Samedi, 8h30, le réveil sonne. Moins d’une heure plus tard, je pédale sur une des avenues les plus défoncées de Paris. Y’a des trous et des bosses tous les 10 mètres. Tacatacatac sur les pavés, je salue le lion de Belfort qui détourne le regard. Il scrute l’ouest, le con. On l’aura mal renseigné.
Quelques minutes plus tard, je suis à la cafétéria où un jeune homme en blouse blanche, bouc finement taillé, me sert une boisson chaude en m’affublant de grands « Madame ». La radio diffuse un air familier. « C’est Nova ? » demandai-je. Oui, répond-il. S’ensuit une discussion passionnée sur la musique et les inepties de certaines rubriques. Nova, c’était mieux quand ils ne parlaient pas. Jérôme, puisque c’est son prénom, me conseille FIP. Un docteur jovial vient me chercher. Je fais l’innocente « C’est moi que vous attendez, docteur ? ».

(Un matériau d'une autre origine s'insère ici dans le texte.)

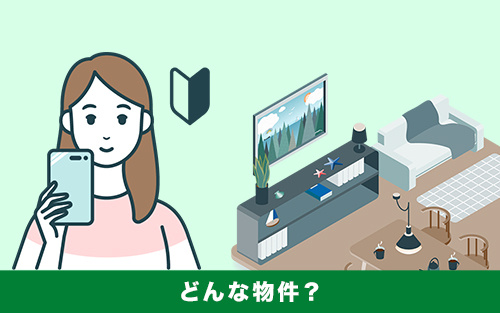 CATV対応の賃貸とはどんな物件？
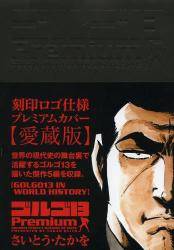 SS13Premium GOLGO13 IN WORLD HISTORY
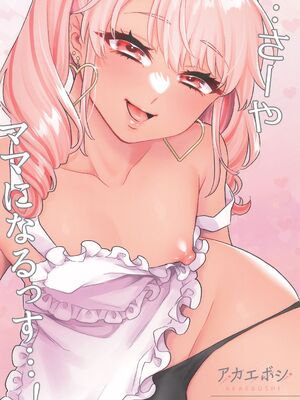 (C105) [アカエボシ (瓶人)] ずっとママになるっす!_24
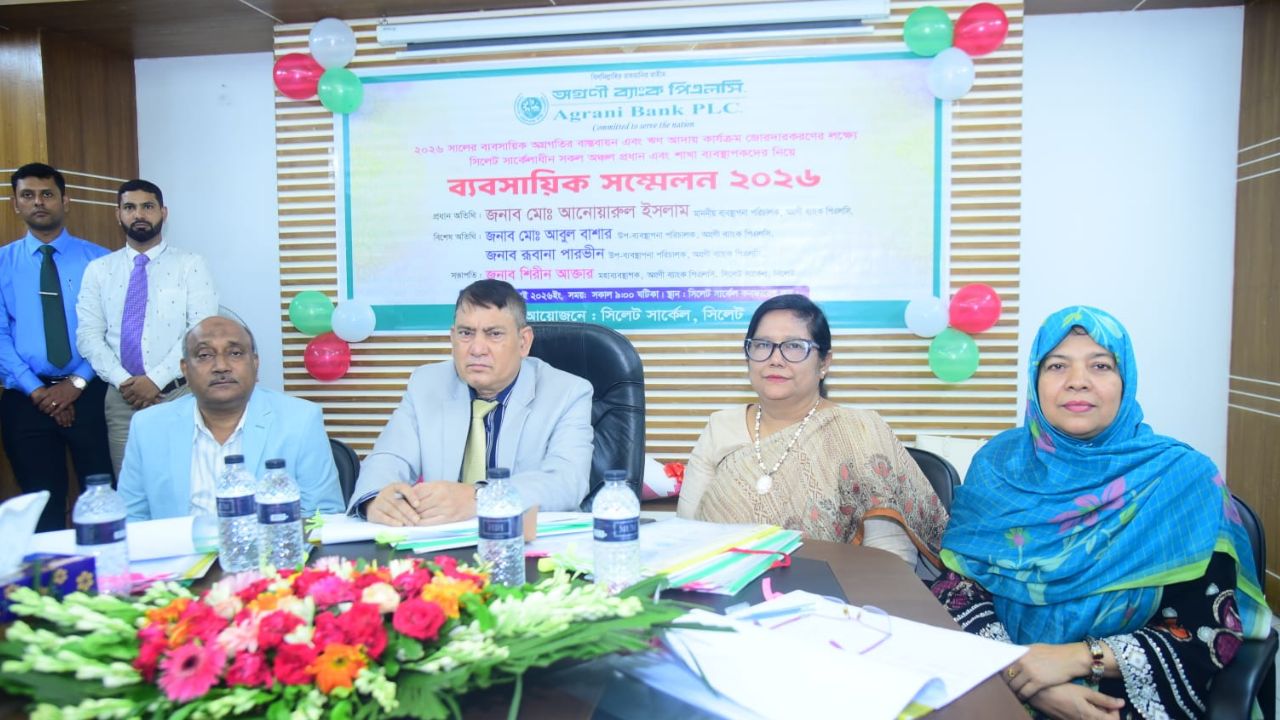 Agrani Bank holds business conference in Sylhet Agrani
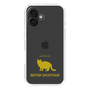 Slim Protection Case［ &UCHINOCO -British Shorthair 2 ］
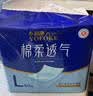 永福康成人护理垫 XL20片 尺寸80*90cm 婴儿孕产妇床垫老人一次性隔尿垫 实拍图
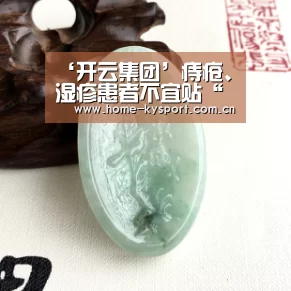 ‘开云集团’痔疮、湿疹患者不宜贴“三伏贴”(图1)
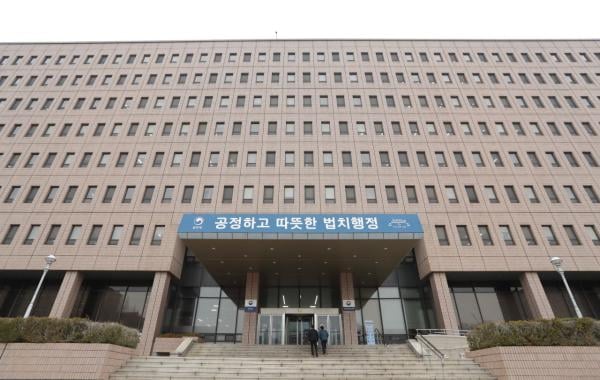 정부, '美사모펀드에 438억 배상' ISDS 판정 불복소송 패소(종합)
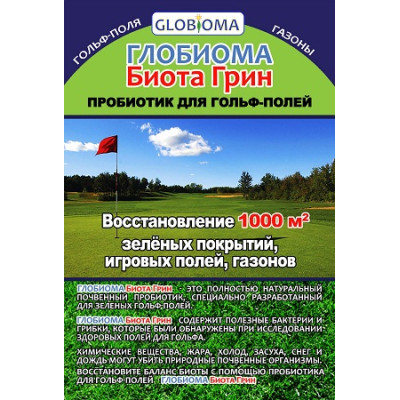 Пробиотик для гольф-полей Глобиома Биота Грин
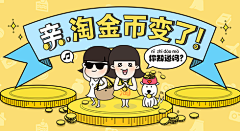 陌小聪采集到H5活动页面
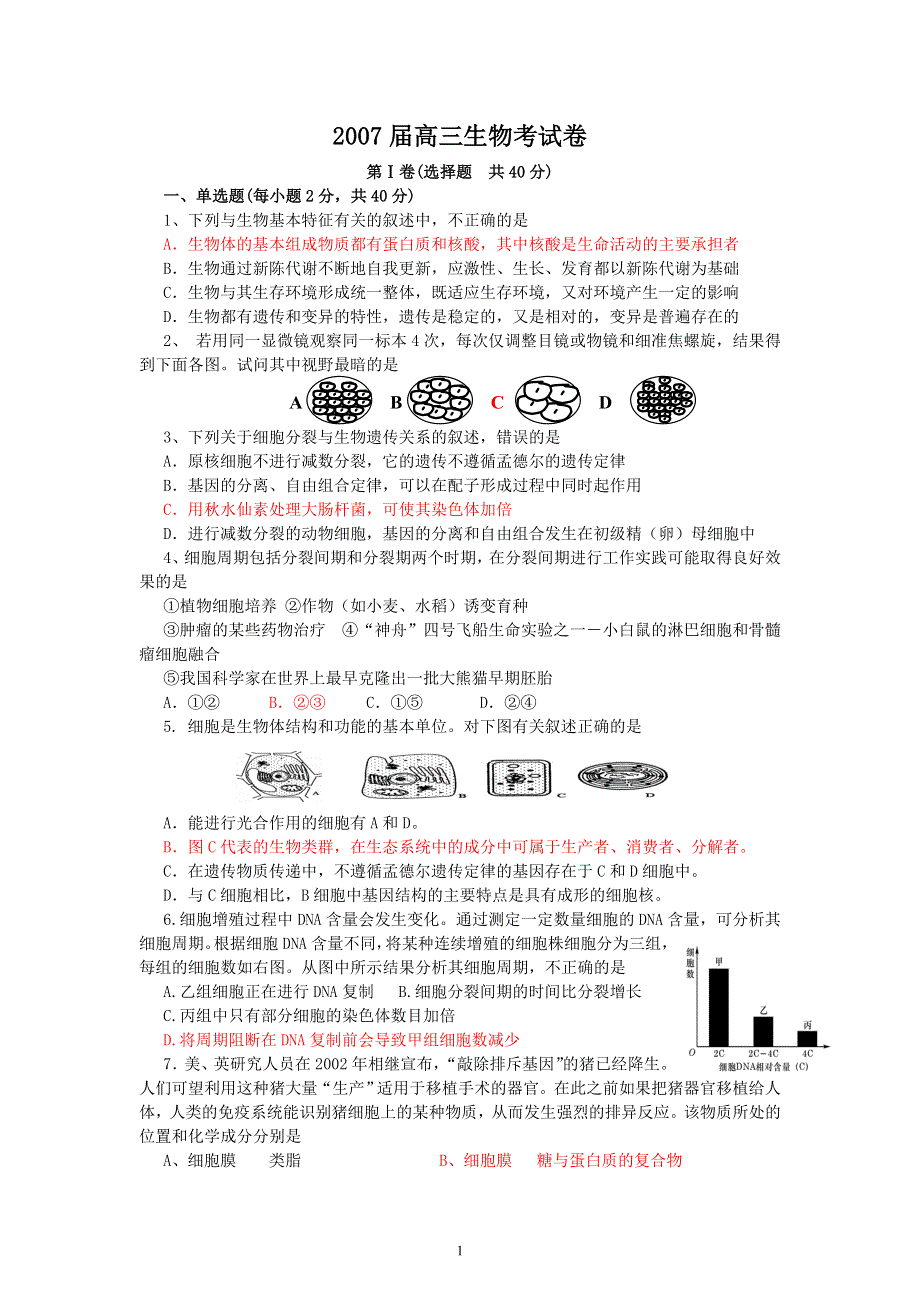 2007届高三生物考试.doc_第1页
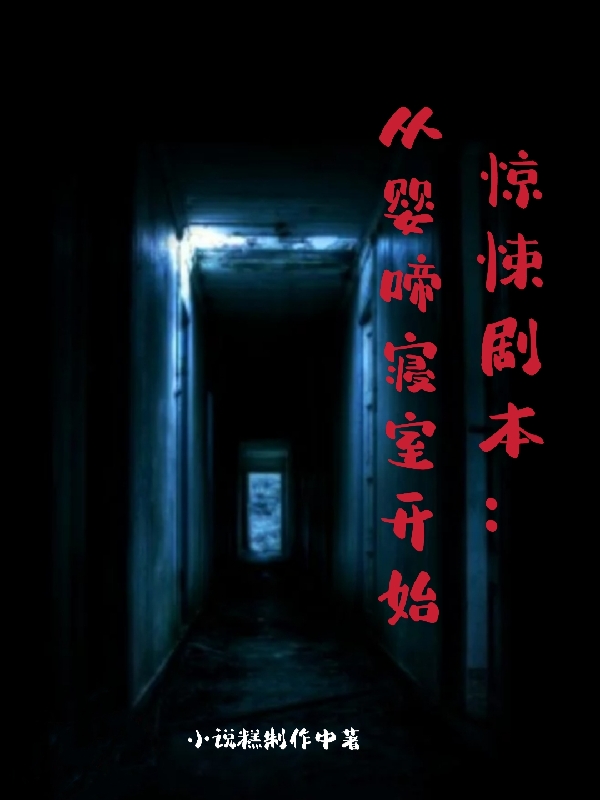 惊悚剧本：从婴啼寝室开始陈献，惊悚剧本：从婴啼寝室开始小说免费阅读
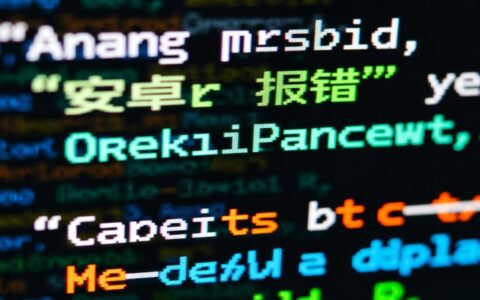 安卓r报错怎么办？解决方法与原因分析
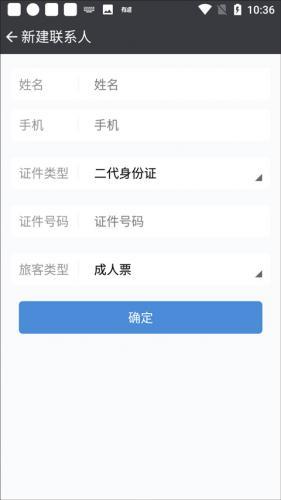 盛名时刻表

Tandis qu’une machine sophistiquée trie mes plaquettes, au chaud sous des couvertures, je visionne « 7 ans ». Un peu tordu mais pas mal, franchement. Vu sa gueule, je comprends qu’elle soit prête à l’attendre 7 ans, son taulard. Presque 2 heures après, je retourne à la cafétéria. Jérôme demande « Qu’est ce que je vous sers madame ? ». J’ai envie de lui dire d’arrêter de me servir du madame. « Une pinte de Guinness » je réponds inocemment, en détaillant la carte du menu, que je connais pourtant par cœur.
Il dissimule un sourire. « On a pas ça, c’est un hôpital, ici, Madame ». Je réponds, avec un sourire malicieux « Et alors ? C’est très bon pour la santé, la Guinness. »
Autour de la table, ceux qui sirotent un thé sourient. Jérôme regrette, pas de Guinness en stock. « Vous avez tort, Jérôme, vous devriez en parler à vos patrons, et moi je vais le mettre en suggestion sur votre livre d’or. La Guinness c’est plein de minéraux, un excellent reconstituant. A boire et à manger tout à la fois ».
Comme il insiste, je me résigne à boire un thé. Jérôme tient absolument à ce que je m’asseye. « Ah oui, c’est vrai, j’avais oublié, on est bichonnés ici ». Sur ces mots, la brune chargée de l’accueil rapplique et corrobore mes propos. « Vous savez que dans les années 70, on proposait un quart de rouge ou une bière + quatre cigarettes aux donneurs ? » Je triomphe « Ah ben, vous voyez, Jérôme, que je raconte pas de conneries ! Franchement, c’est déprimant votre jus d’orange et vos biscuits, là ! Offrez-nous de la rillette, un truc qui tient au corps quoi …» La brune est super sympa. Je la connais bien. On discute, on rigole. Elle dit qu’elle est bientôt en retraite, j’aurais jamais cru.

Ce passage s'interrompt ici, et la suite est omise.